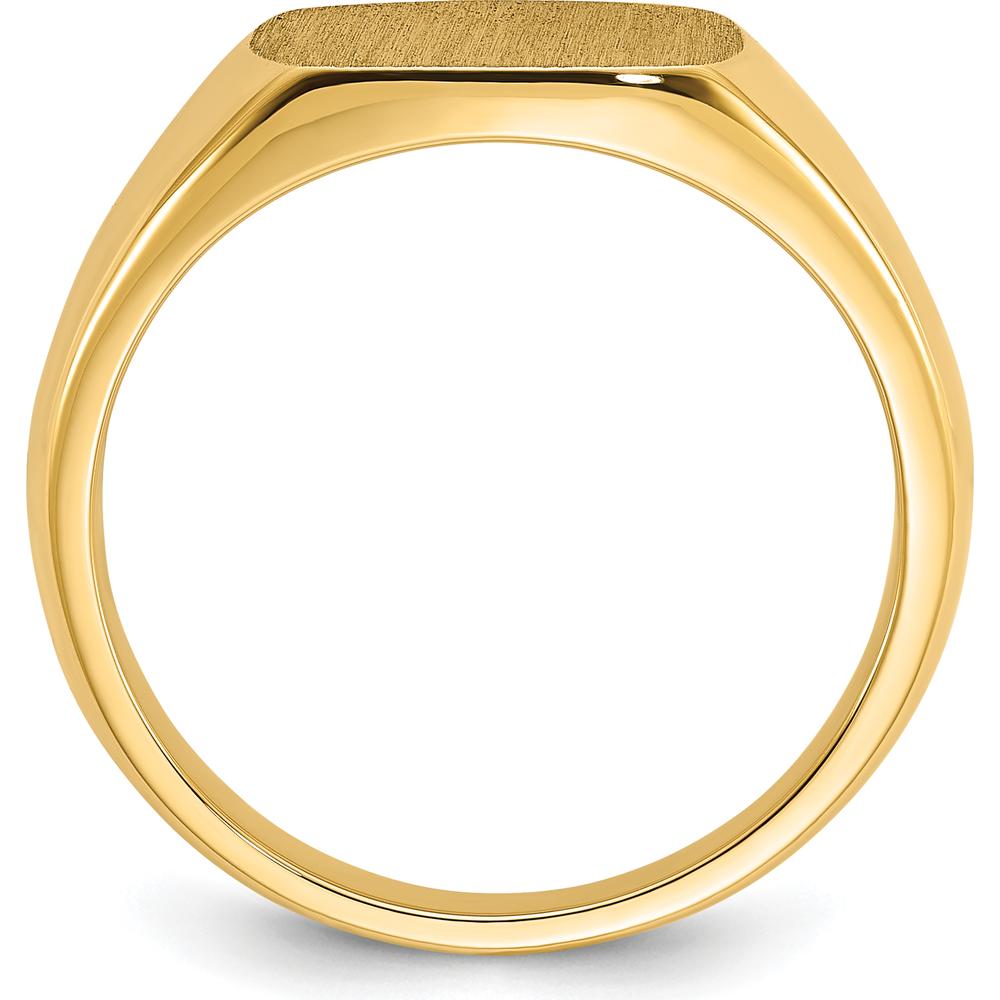 14K Yellow Gold Men's Satin Top Cushion Signet Ring with Matte Finish by IBGoodman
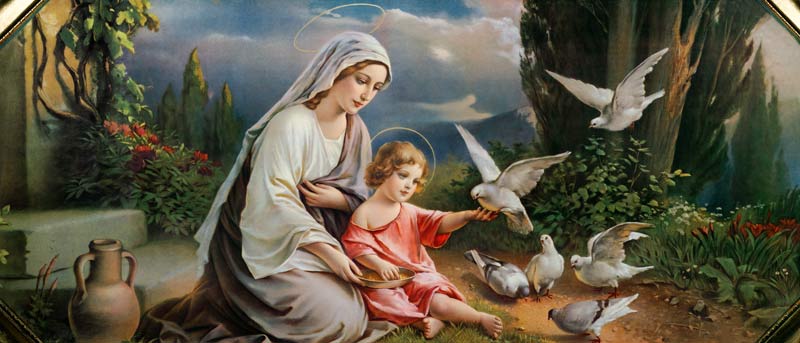 Mary and the Child playing with pigeons in an idealized  Landscape de (um 1900) Anonym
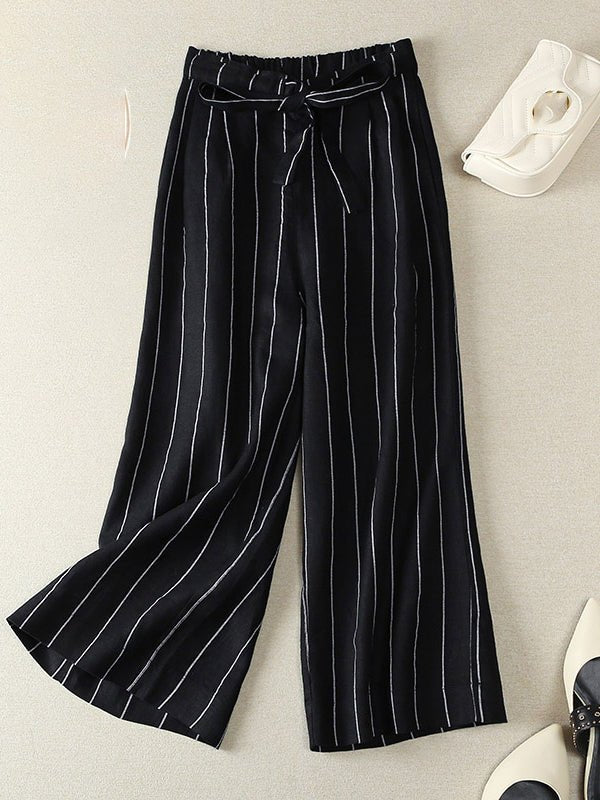 Striped Thin 100% Linen Loose Casual Pants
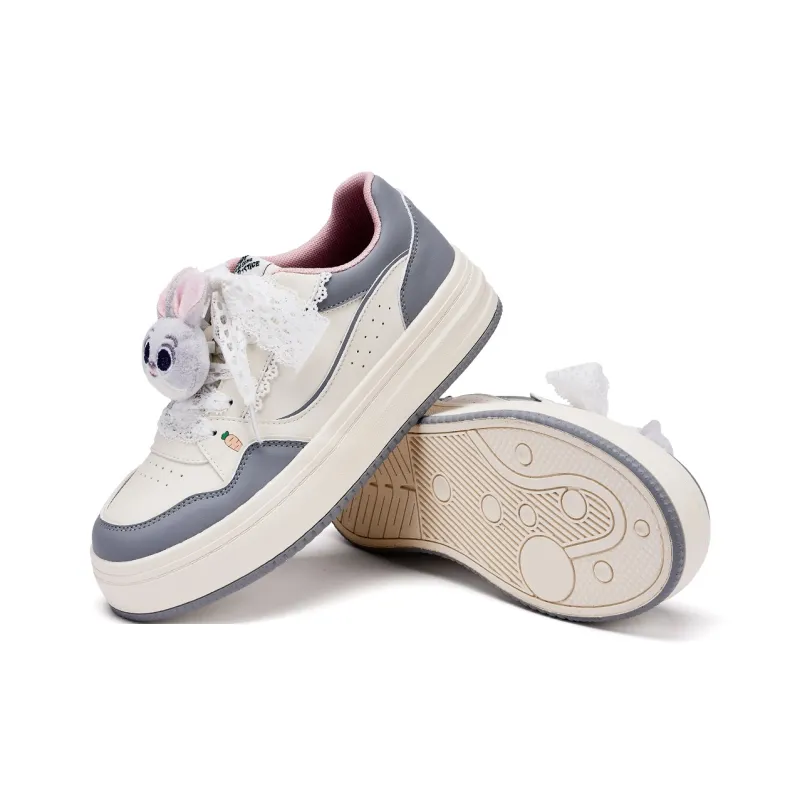 Disney x Hotwind Zootopia Series White Sneakers Anti Slip Wear Resistant Low Top Skateboard Shoes Women's Gray Blue-4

# [The problem]
Here the job is to quote the lines from the one with "Mary and the" through the end of the material, both included, exactly; please skip the pictures.

# [Expected answer]
 Mary and the Child playing with pigeons in an idealized  Landscape de (um 1900) Anonym
 Striped Thin 100% Linen Loose Casual Pants
 Disney x Hotwind Zootopia Series White Sneakers Anti Slip Wear Resistant Low Top Skateboard Shoes Women's Gray Blue-4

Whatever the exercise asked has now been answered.